La discrezione quindi deve rappresentare una legge stabile nei rapporti intimi, ma la medesima legge deve essere valida per tutti i rapporti coniugali. Il marito deve conoscere con precisione e, soprattutto, con senso di amore e di giustizia, quello che può avere da una moglie, quello che può chiedere ad una moglie; deve cioè conoscere il limite esatto delle forze fisiche della sua compagna e quello delle sue risorse morali. Egli deve sapere e riconoscere che la donna rappresenta il « vaso debole » e quindi non può assumersi il carico di uno sforzo fisico o di un impegno morale inadeguato alla sua natura.

Oggi invece s’incontrano purtroppo molte spose stanche, avvilite, scoraggiate. La loro attività le ha obbligate ad impegni e responsabilità nettamente superiori alle loro forze ed esse sono giunte fino alla rovina senza il sollievo di una mano amica o di una parola di comprensione.

E’ vero che molte volte queste situazioni sono la conseguenza dolorosa delle circostanze della vita, ma è anche vero che altre volte sono soltanto il risultato del senso di irresponsabilità di certi mariti che non sanno riconoscere ed applicare una legge di discrezione.
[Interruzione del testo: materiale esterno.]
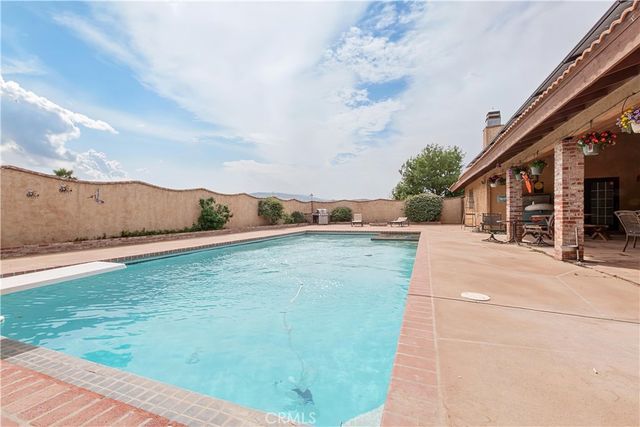 2212 W Avenue O8, Palmdale, CA 93551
Molte volte queste povere spose, dopo aver svolto un’attività lavorativa per concorrere al mantenimento della famiglia, sono obbligate nel seno della casa ad assumersi per intero il peso delle faccende domestiche, della cura dei figli e del marito e di quanto altro rientra nel lavoro di una casa e di una famiglia.

Una sposa, particolarmente una madre, dovrebbe essere libera da qualsiasi attività lavorativa fuori di quella familiare, ma se circostanze penose la obbligano a concorrere al sostentamento della famiglia con una occupazione qualsiasi, il marito deve sentire, da parte sua, l’obbligo di concorrere allo svolgimento dei lavori domestici. Egli potrà lasciare alla moglie quelle attività della casa che sono proprie della natura femminile, ma potrà riservarsi quei lavori casalinghi che per il loro carattere possono essere compiuti perfettamente anche da un uomo.
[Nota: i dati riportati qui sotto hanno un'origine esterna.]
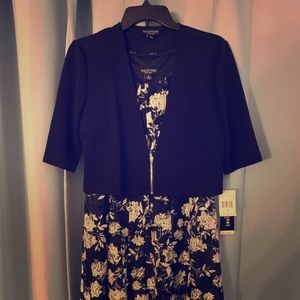 Women’s dress with Shawl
Non soltanto quando la donna è obbligata ad un lavoro remunerativo il marito deve sentire il dovere di sollevarla con la propria collaborazione familiare, ma anche quando il peso della famiglia e quindi delle attività connesse a questa, assume delle proporzioni eccessive rispetto alle possibilità fisiche della donna. Non è avvilente ed umiliante partecipare al governo ed alla manutenzione della casa ed un marito deve essere pronto a questo per non obbligare la moglie alla rovina progressiva della propria personalità.

L’aiuto del marito deve essere decisamente negato quando viene reclamato da un sentimento d’indolenza e di pigrizia. Lo spettacolo di una sposa e di una madre pigra è semplicemente ripugnante e l’uomo che accondiscende ad indossare il grembiule di cucina unicamente per appagare questi sentimenti insani diviene colpevole verso se stesso e verso la moglie. Egli deve saper esercitare la propria affettuosa autorità per obbligare la donna all’adempimento dei propri doveri, ma deve saper dimostrare di conoscere il limite giusto delle sue pretese perché la donna non sia scoraggiata dall’indifferenza e dall’incomprensione del proprio marito.
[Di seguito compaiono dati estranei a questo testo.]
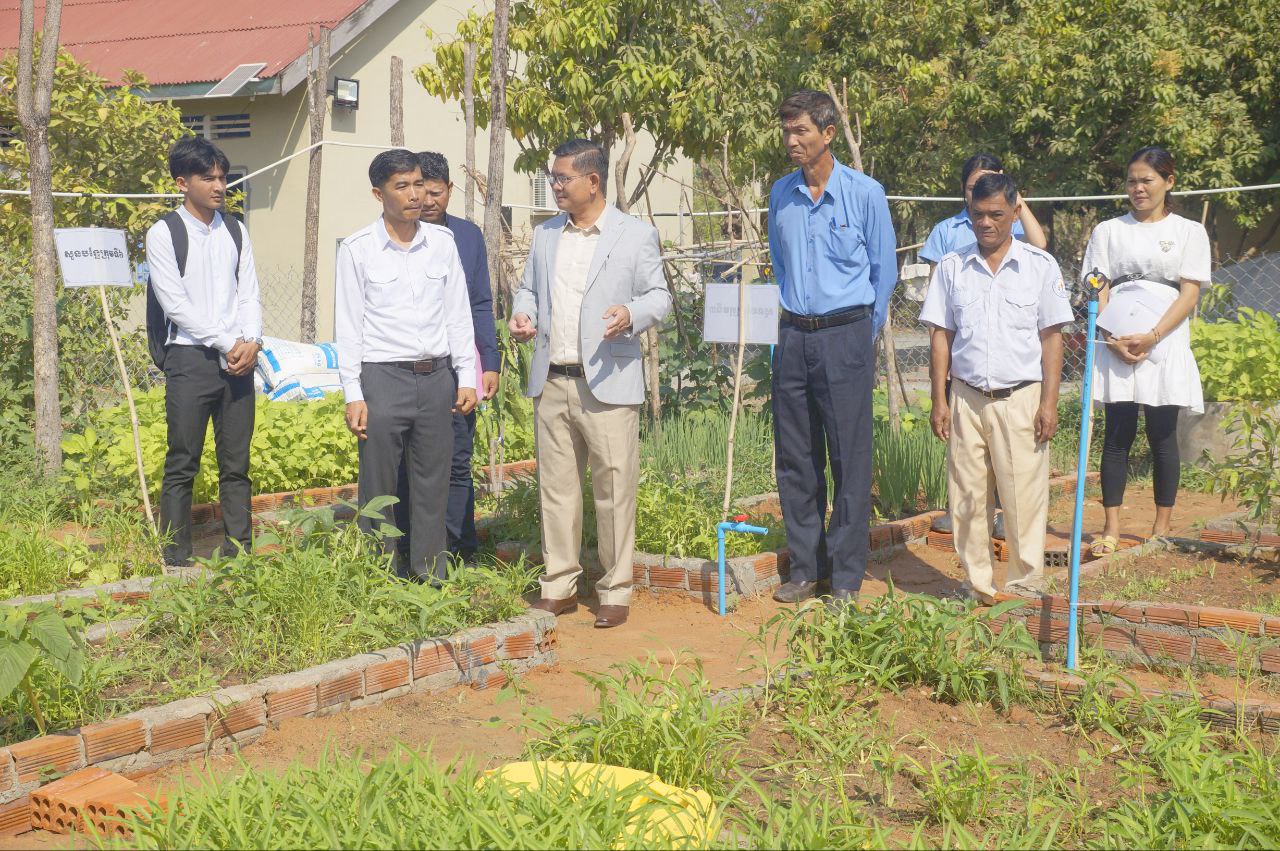 92E5D343-C5FE-4B25-9BD3-9A889C695D6B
Sì, la moglie non deve essere un’incompresa; i suoi umili lavori non devono essere ignorati o sottovalutati. Un marito deve saper comprendere, valutare, riconoscere e non soltanto per porgere l’espressione affettuosa dell’elogio, ma anche per individuare il momento nel quale è necessaria la sua collaborazione.

Il marito che cessa di essere il protettore per divenire lo sfruttatore insensibile della moglie, in quel momento stesso cessa anche di essere cristiano, e viene meno nel suo elevato e nobile ministerio coniugale.